WHAT TO WORK ON: Drop the images. Copy every line below character for character.

PROVIDED DATA:
━━━━━━━━━━━━━━━━━━━━
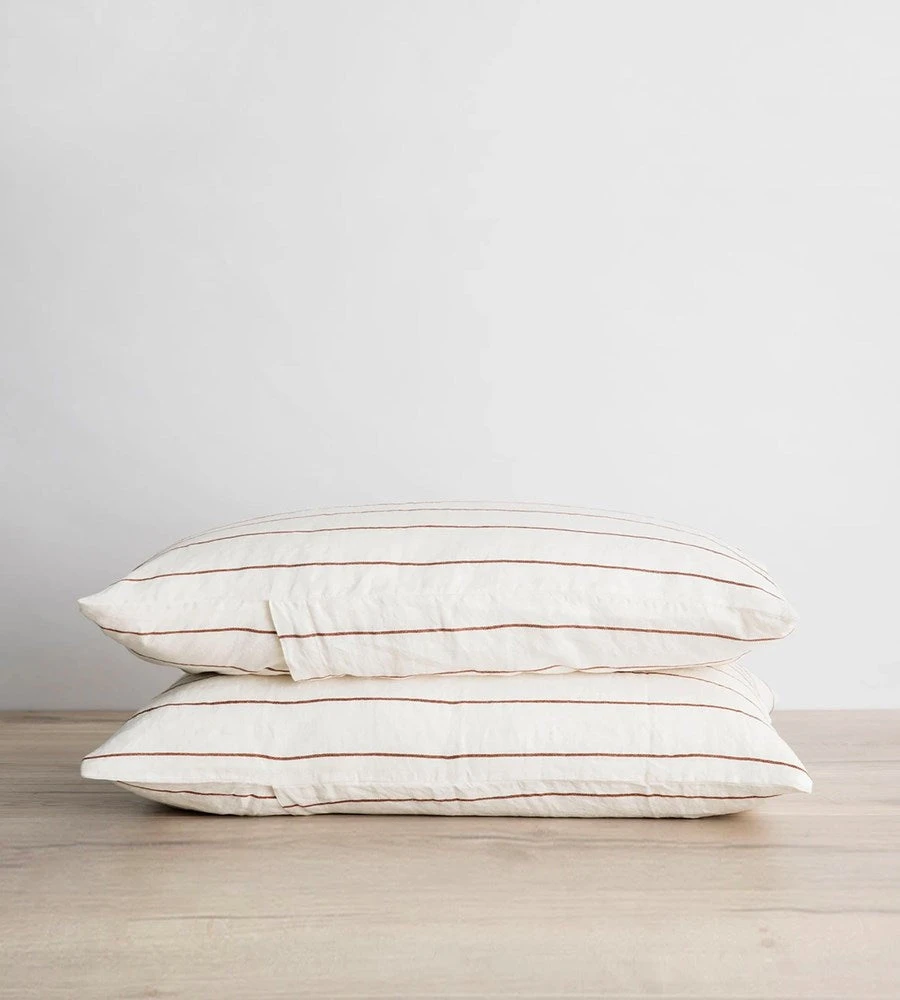 Homewares Cultiver | Linen Pillowcase Pair | Cedar Stripe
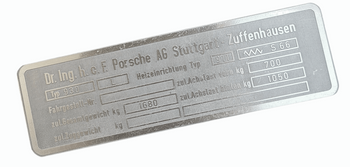 Porsche 930 L tabliczka znamionowa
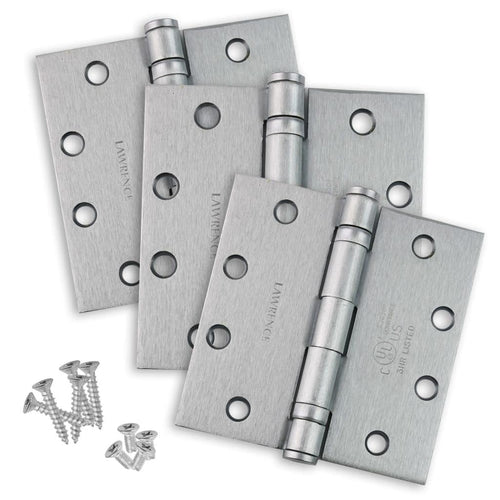 4.5 x 4.5 Commercial Butt Hinge Standard Weight Ball Bearing Brushed Chrome (US26D) - 3 Pack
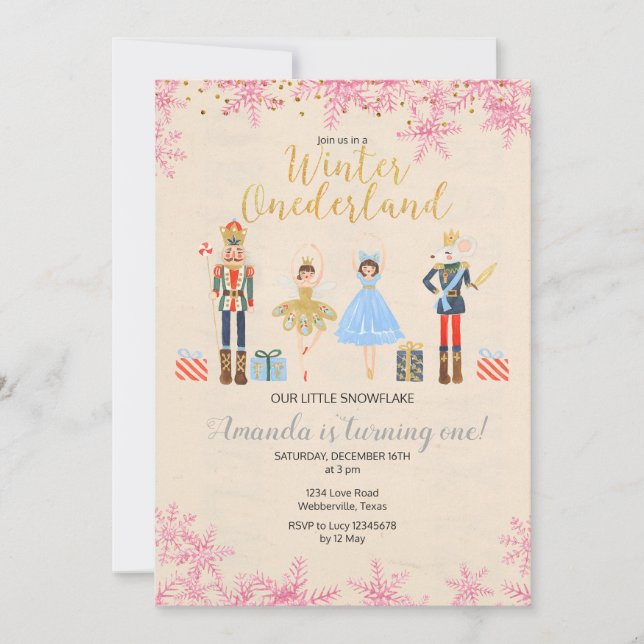 Invitación Ballet Nutcracker invierno de cumpleaños rosa (Anverso)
━━━━━━━━━━━━━━━━━━━━
TASK SOLUTION:
 Homewares Cultiver | Linen Pillowcase Pair | Cedar Stripe
 Porsche 930 L tabliczka znamionowa
 4.5 x 4.5 Commercial Butt Hinge Standard Weight Ball Bearing Brushed Chrome (US26D) - 3 Pack
 Invitación Ballet Nutcracker invierno de cumpleaños rosa (Anverso)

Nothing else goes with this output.